Entries shown:
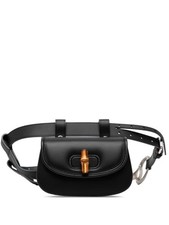 Gucci Bamboo 1947 mini borsa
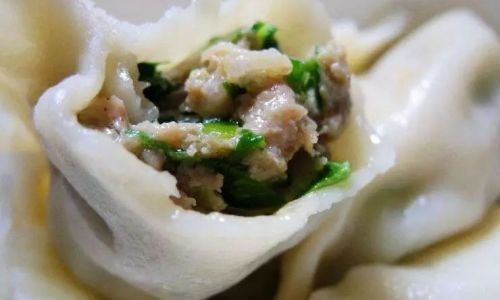 Discovering the Best Filling for Lamb Dumplings:A Culinary Exploration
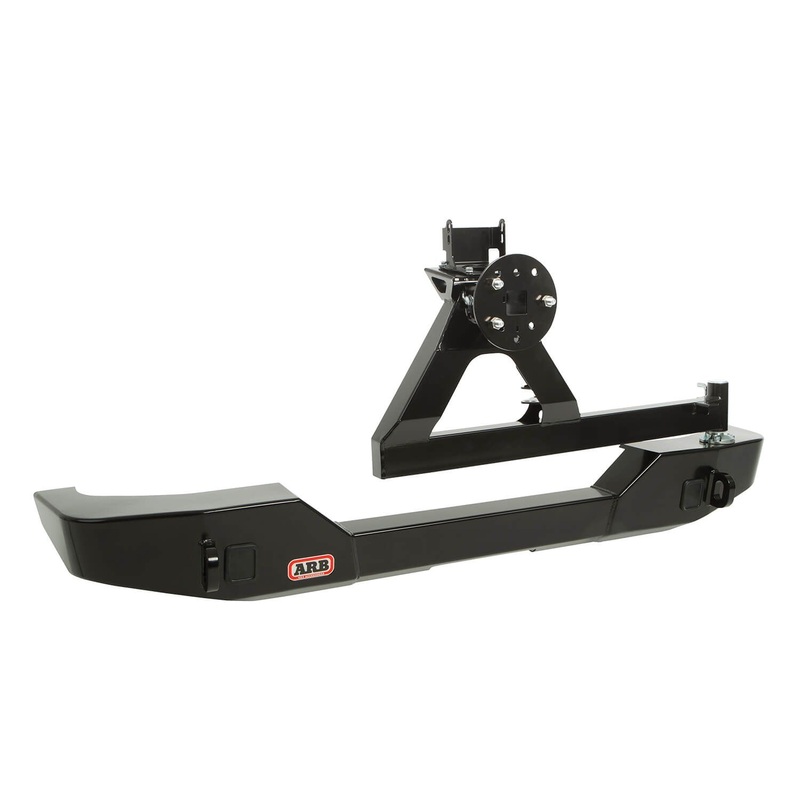 ARB  5750300  Spare Tire Carrier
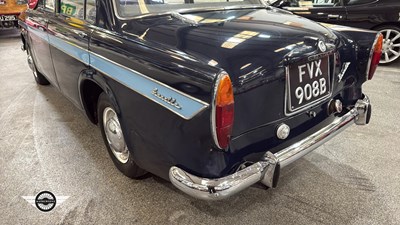 Lot 398 - 1964 SINGER GAZELLE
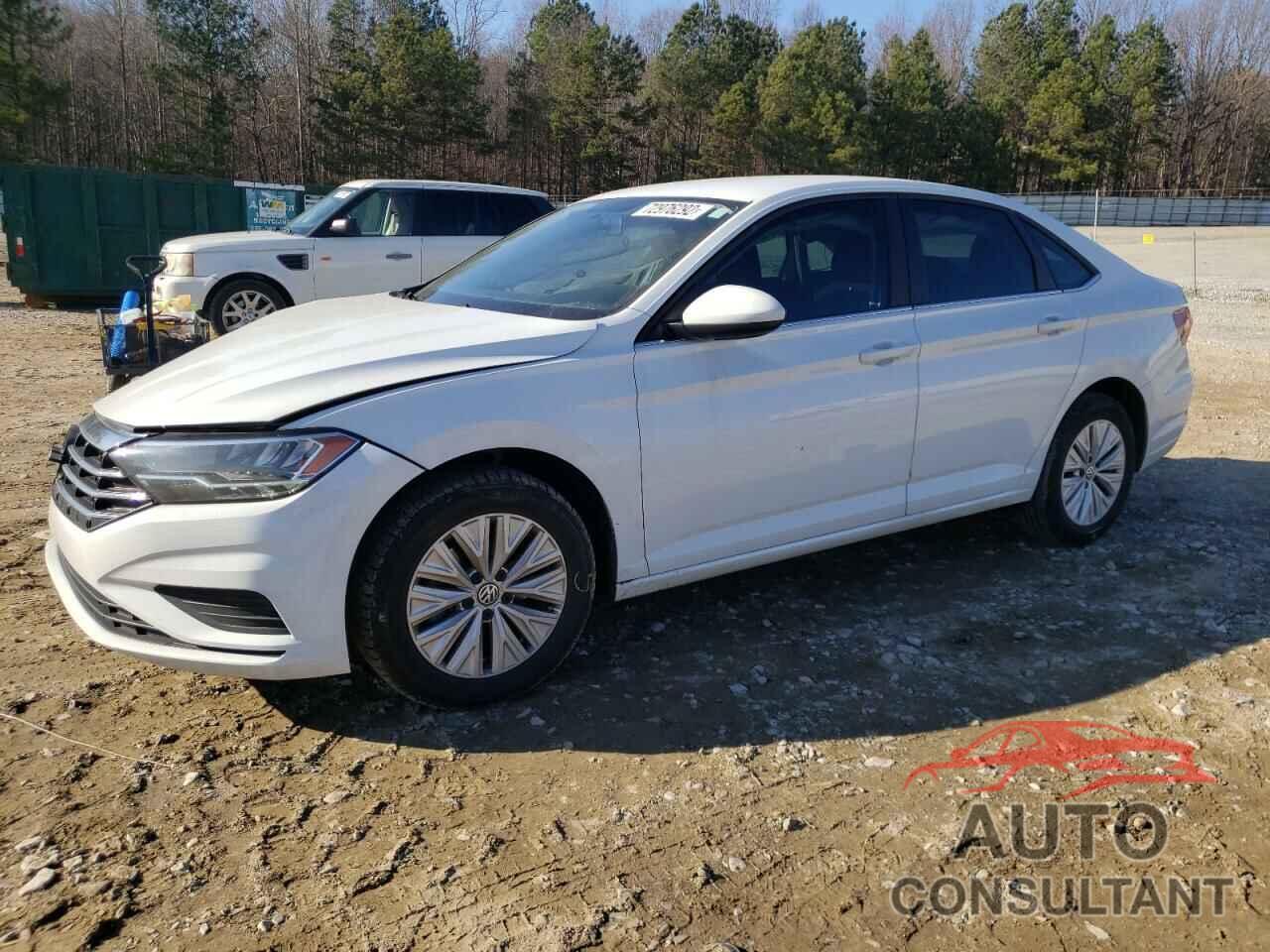 VOLKSWAGEN JETTA 2019 - 3VWC57BU5KM269583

What is needed:
Please print all the lines above exactly as given and leave out every picture.

Written response:
 Gucci Bamboo 1947 mini borsa
 Discovering the Best Filling for Lamb Dumplings:A Culinary Exploration
 ARB  5750300  Spare Tire Carrier
 Lot 398 - 1964 SINGER GAZELLE
 VOLKSWAGEN JETTA 2019 - 3VWC57BU5KM269583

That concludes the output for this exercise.